A 1:8 twist for the heavy 180 to 195 grain 7mm match bullets the cartridge is built around, and a 28 inch barrel to collect its velocity. A 30 inch barrel adds a little more speed if the rifle can carry it, but 28 inches is the practical balance of velocity and handling.
Is the 7mm-300 PRC a SAAMI cartridge?
No. The 7mm-300 PRC is a wildcat with no SAAMI or C.I.P. standard. You neck down factory .300 PRC brass to 7mm and handload it; there is no factory 7mm-300 PRC ammunition. The dimensions on this page are derived from the parent .300 PRC and are approximate.
How does it compare to the 28 Nosler and 7mm PRC?
The 7mm-300 PRC and 28 Nosler are near-peers at the top of the 7mm magnum class, trading raw capacity for the PRC case's long throat that seats heavy bullets out better. The 7mm PRC is the smaller, standardized, factory-supported option, easier on barrels and far easier to feed.
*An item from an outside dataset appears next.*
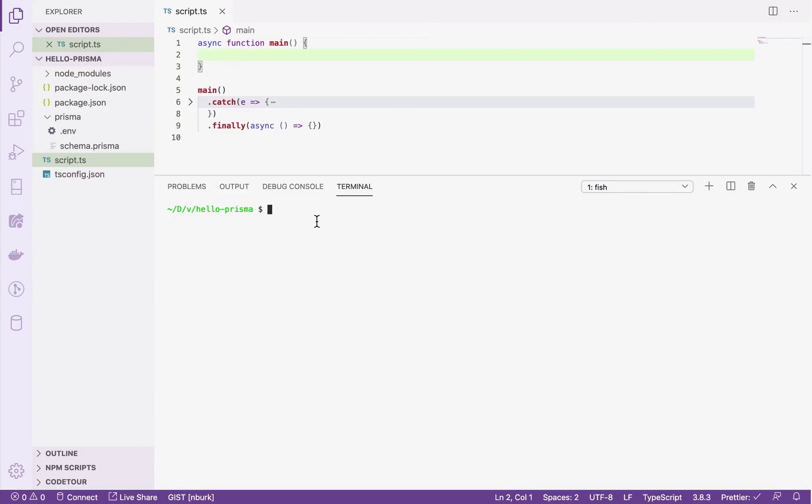Welcome! In this video, you will learn how to generate Prisma Client for the data model that was obtained from Introspection in the last video.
Most shooters should start with the 7mm PRC unless they specifically need the extra reach the wildcat delivers.
What is it good for?
Extreme long range and long-range hunting, where a flat trajectory and high retained energy past 1,000 yards justify the recoil, powder burn, and barrel wear. It is not a sensible choice for an all-around or high-volume rifle; that is the smaller 7mm cartridges' job.